La Torah positonne l'homme sur trois plans : rapport avec soi, avec le prochain, avec Dieu Ces rapports passent par le rituel sans se réduire à lui. Exemple : L'activité codifiée, prise à la lettre par certains, peut entraîner un danger de fanatisation quand on prétend ne permettre à personne de dévier de ce qui a été écrit ou prescrit et quand on suspend la créativité de la loi (exemple de l'interdiction de la polygamie). Il faut ajouter à cela quelques manifestations folkloriques du rite qui ne sont là que pour  épater le public. Le dirigisme entraîné par certains rites  est vu par certains comme un obstacle à la réflexion personnelle et un facteur de dilution des responsabilités individuelles : l'automatisation des comportements entraînerait  une dérive du groupe et limiterait la pénitence interne. C'est pourquoi le judaïsme, au-dessus de tous ses autres rites, place l'obligation de l'étude, seule garante d'une pratique justifiée, désintéressée et réaliste du rite (parmi les actes qui assurent la vie éternelle, ve talut tora ke-neget koullam).

Si les rites à peu près immuables sont contraignants, ils rassemblent le maximum de personnes ; Ils sont à la fois générateurs de repères identitaires pour l'intéressé et guides pour la communauté : pour l'individu ils deviennent structurants et constituent les liens entre les différents générations. De plus, ils créent un espace partagé et permettent de réunir des gens très différents, en permettant des découvertes que l'on est incapable de trouver seul (c'est l'effet émotif de kippour ou le plaisir de shabbat, simple plaisir d'être ensemble).

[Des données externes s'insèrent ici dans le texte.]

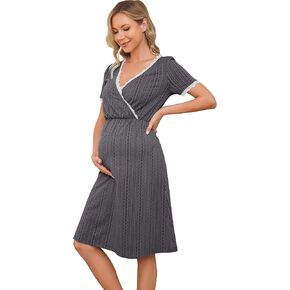 LUOFEN المرأة الأمومة فستان رضاعة عادية الخامس الرقبة الرضاعة الطبيعية الدانتيل فساتين مضلع متماسكة الصيف ميدي ملابس الحمل in Kuwait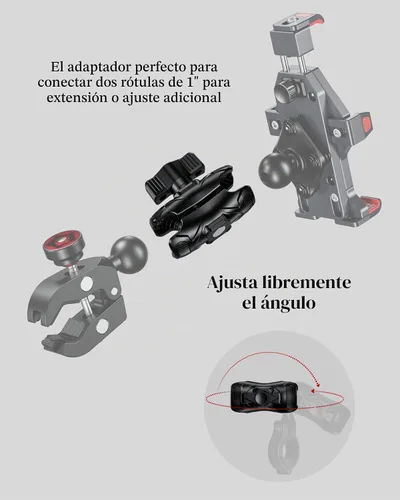 Vista 5 de BRCOVAN Brazo de doble zócalo de alta resistencia compuesto de brazo corto compatible con soportes RAM tamaño B componentes de bola de 1 pulgada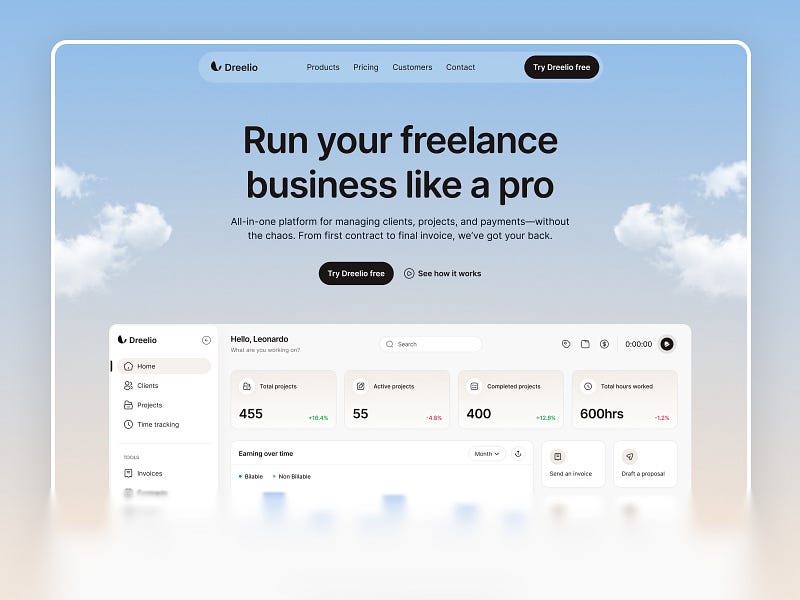 Dreelio — SaaS Landing Page Template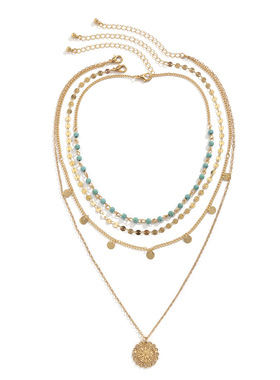 欧美跨境饰品波西米亚风 绿松石串珠锁骨项饰女花盘吊坠 气质流苏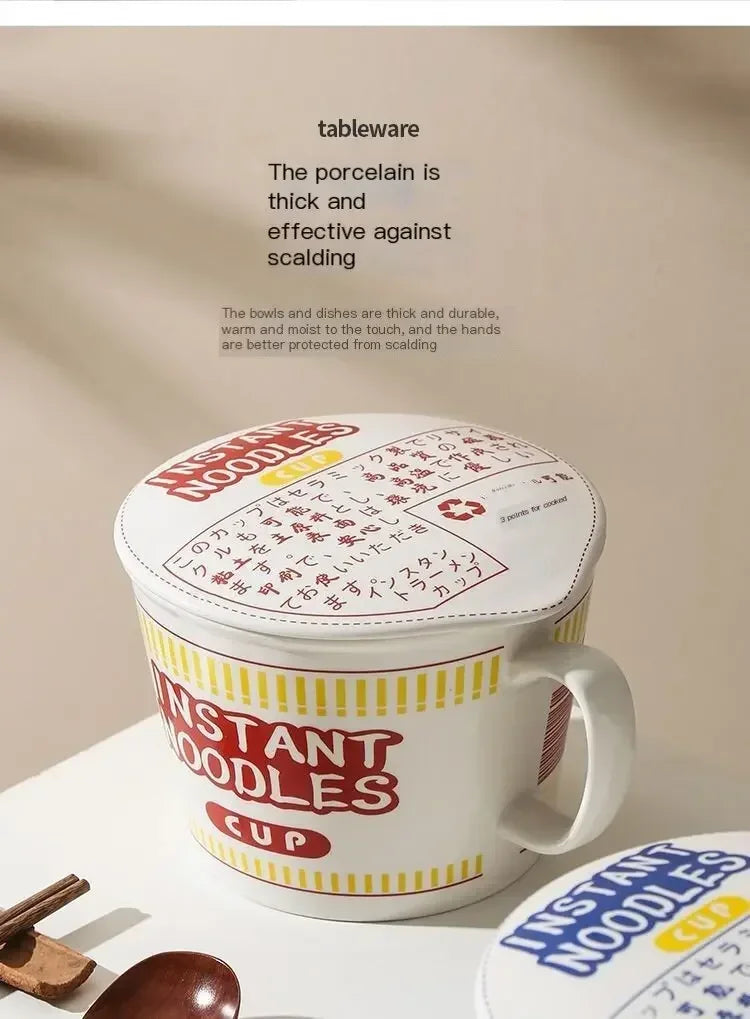 1000ml Ceramic Instant Noodle Bowl with Cover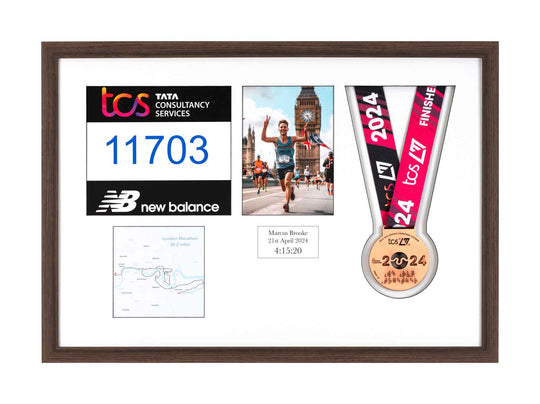 London Marathon 2025 - Medal / Photo / BIB Frame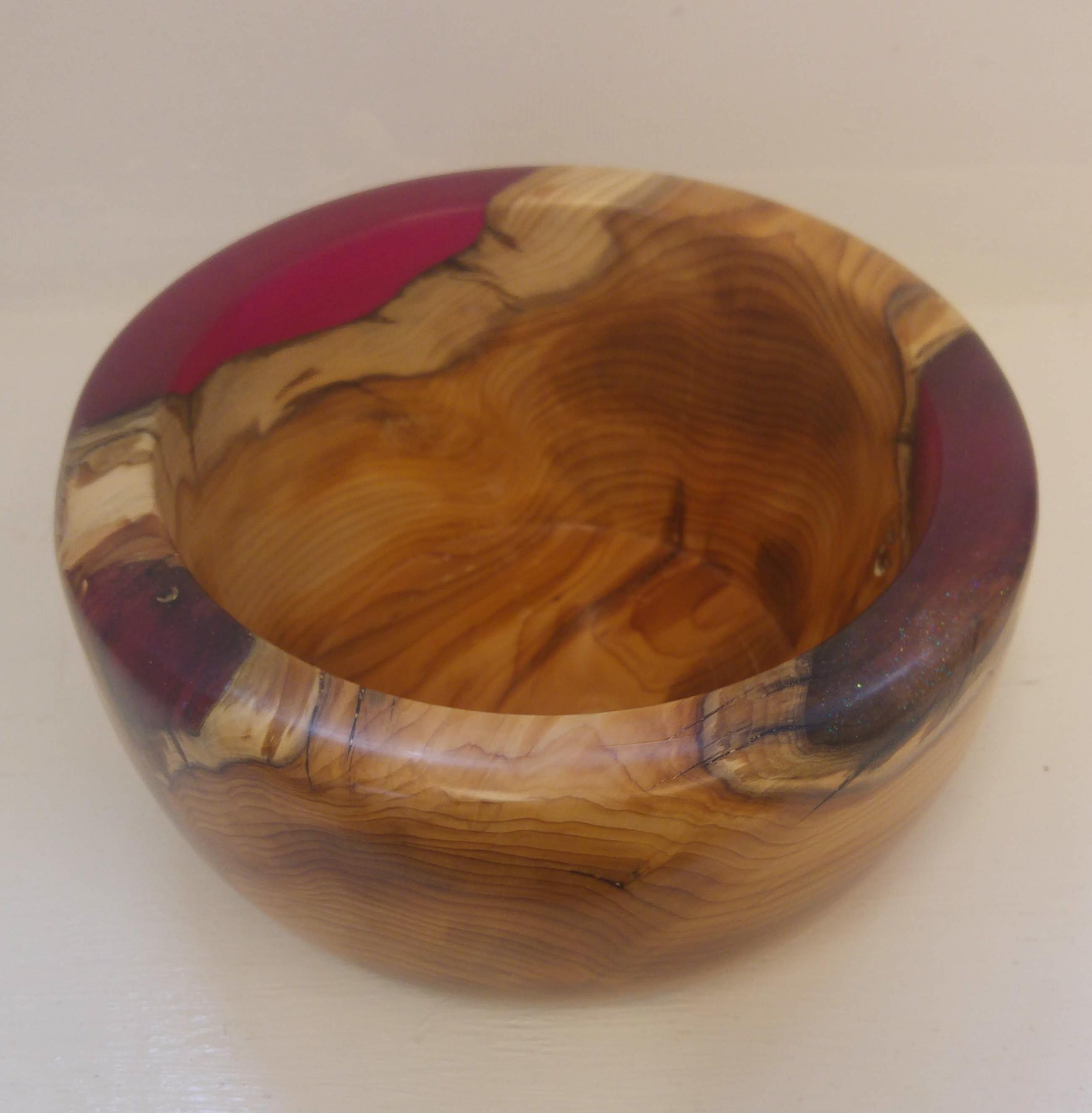 Yew and Pink Resin Bowl
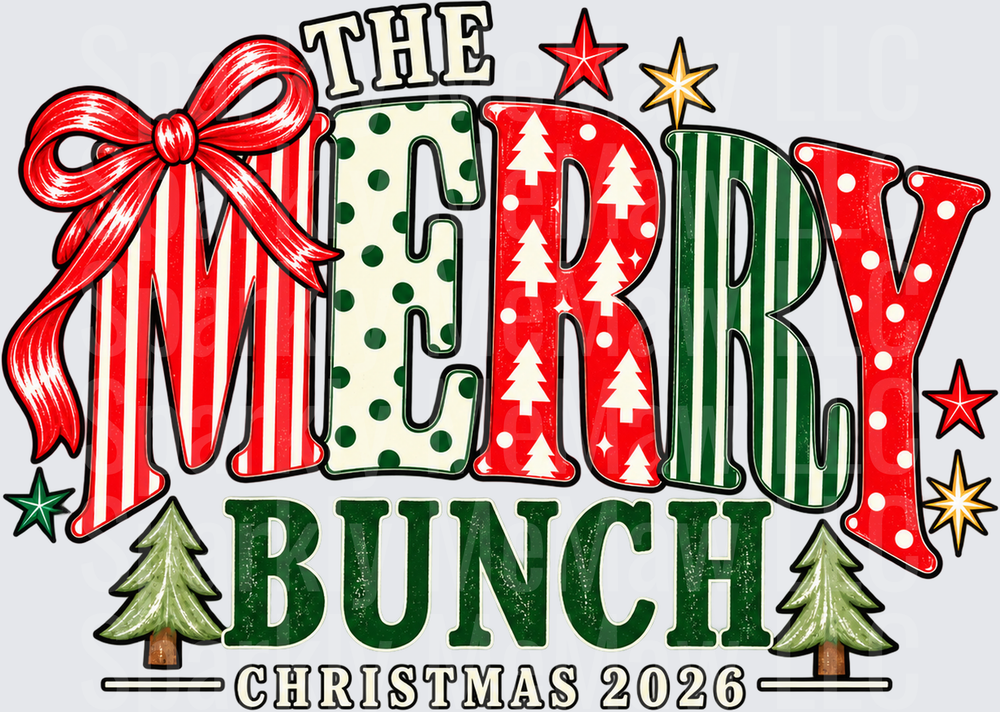 The Merry Bunch Christmas 2026 DTF Transfer for Fabrics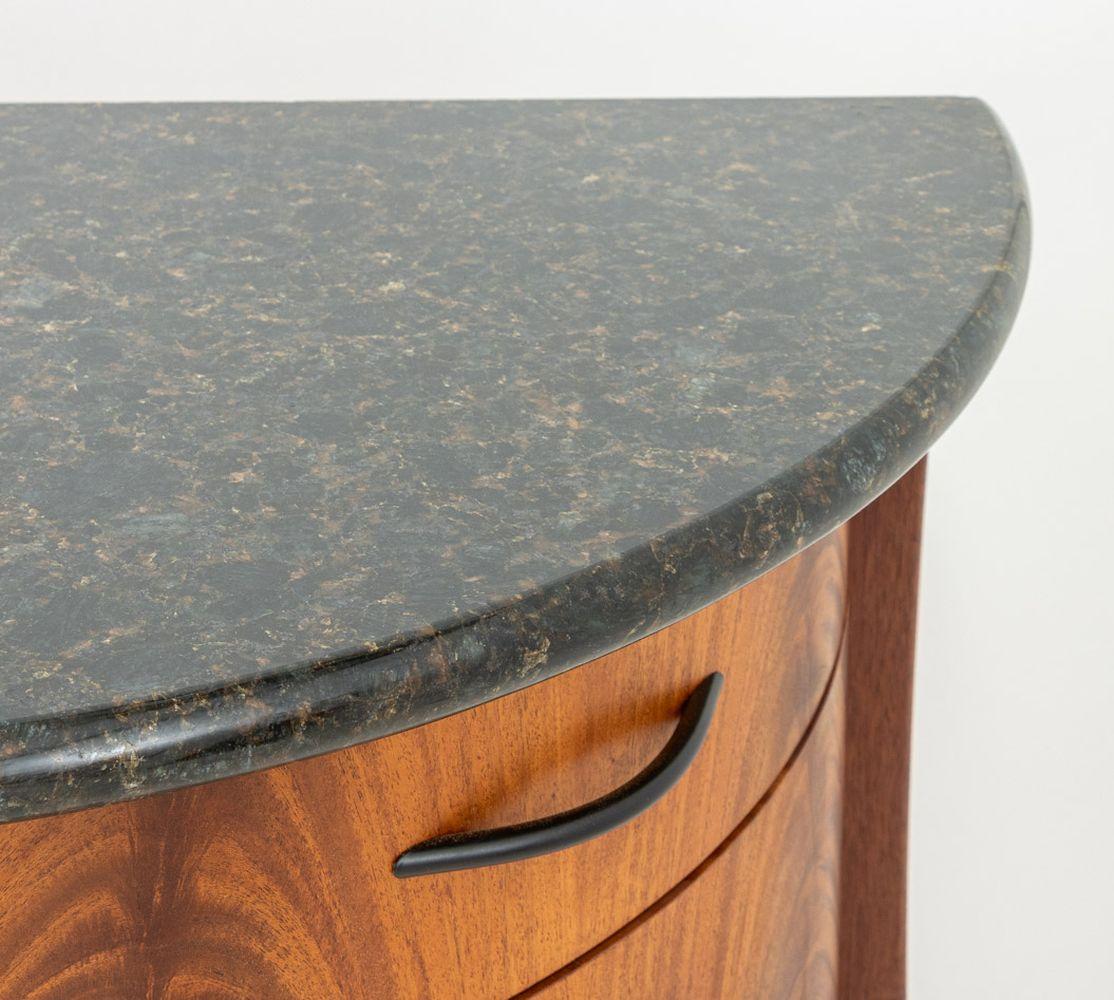 Green Serpentine & Flame Birch Demilune Sideboard For Sale 1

Enfin les rites conservateurs des traditions religieuses, culinaires, sociales, etc. arrivent à préserver la singularité du moment et de la mémoire, c'est aussi la façon d'être Juif. Ils garantissent la conservation de l'identité.

Pour conclure on peut dire qu'il n'y a pas de rite sans une notion de transcendance en arrière-plan, même dans les choses qui vont de soi . Il faut injecter du sacré dans notre quotidien . Pour terminer vraiment et montrer l'attachement conscient ou non de l'homme à ses rites, évoquons l'histoire d'un rabbin qui rencontre, dans la rue, un de ses anciens fidèloes et lui demande : "Dis-moi, Moshé, est-ce que tu crois en Dieu ?" Moshé lui dit : "Je ne peux pas vous répondre aujourd'hui, je vous le dirai demain". Le lendemain, nouvelle rencontre : "Alors, crois-tu en Dieu ?" "Non". "Alors, pourquoi ne pas me l'avoir dit hier ?" "Parce qu'hier, c'était Chabbat."